EXCERPTED DATA ::
↓

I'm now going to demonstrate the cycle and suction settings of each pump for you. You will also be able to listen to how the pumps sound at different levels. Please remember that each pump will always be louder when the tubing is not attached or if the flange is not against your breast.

↑
↓

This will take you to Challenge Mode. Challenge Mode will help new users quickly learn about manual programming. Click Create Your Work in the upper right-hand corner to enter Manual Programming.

↑
↓

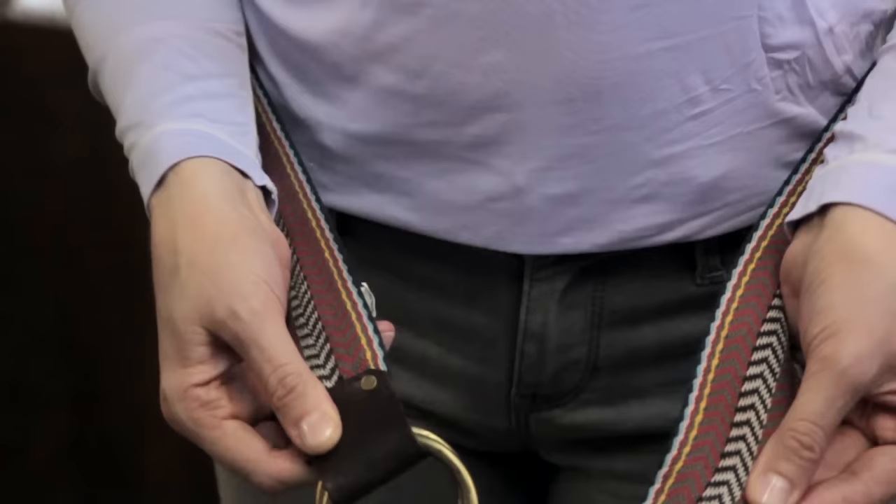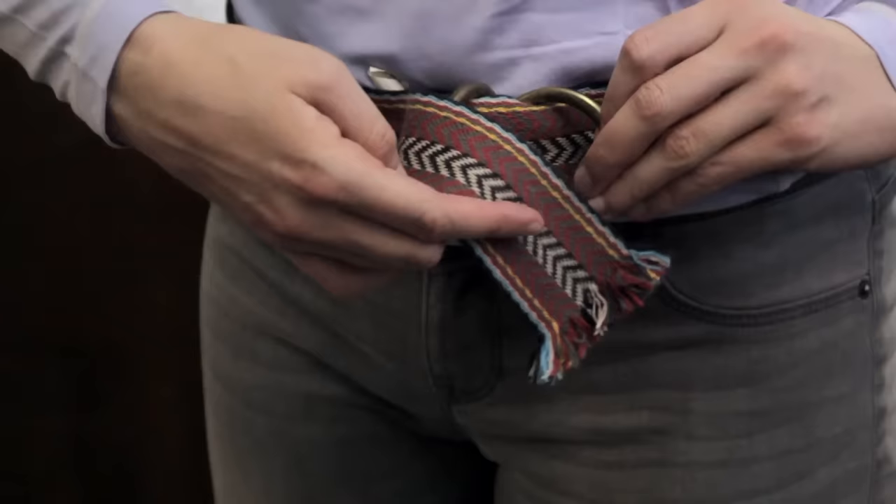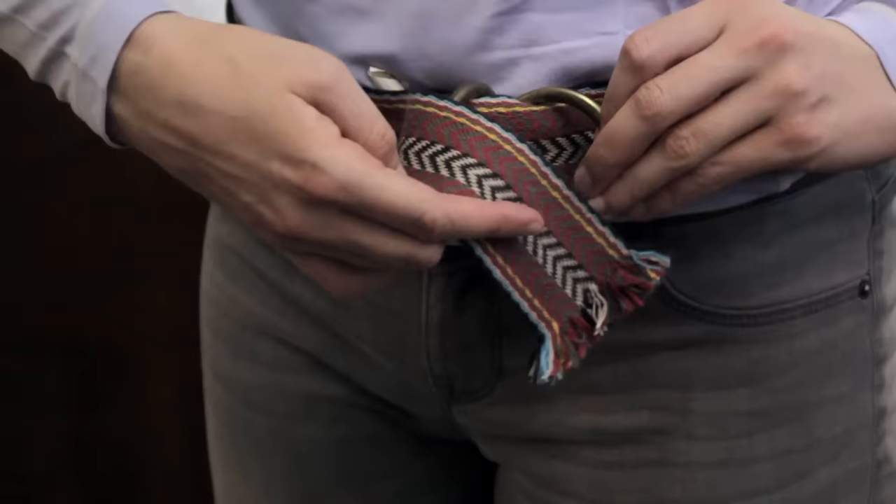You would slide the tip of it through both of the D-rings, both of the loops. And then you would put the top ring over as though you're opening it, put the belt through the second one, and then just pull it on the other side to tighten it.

↑

WHAT THE EXERCISE ASKS :: Where the string "will" appears in a line of the entries above, return that line.

SOLUTION ::
I'm now going to demonstrate the cycle and suction settings of each pump for you. You will also be able to listen to how the pumps sound at different levels. Please remember that each pump will always be louder when the tubing is not attached or if the flange is not against your breast.
This will take you to Challenge Mode. Challenge Mode will help new users quickly learn about manual programming. Click Create Your Work in the upper right-hand corner to enter Manual Programming.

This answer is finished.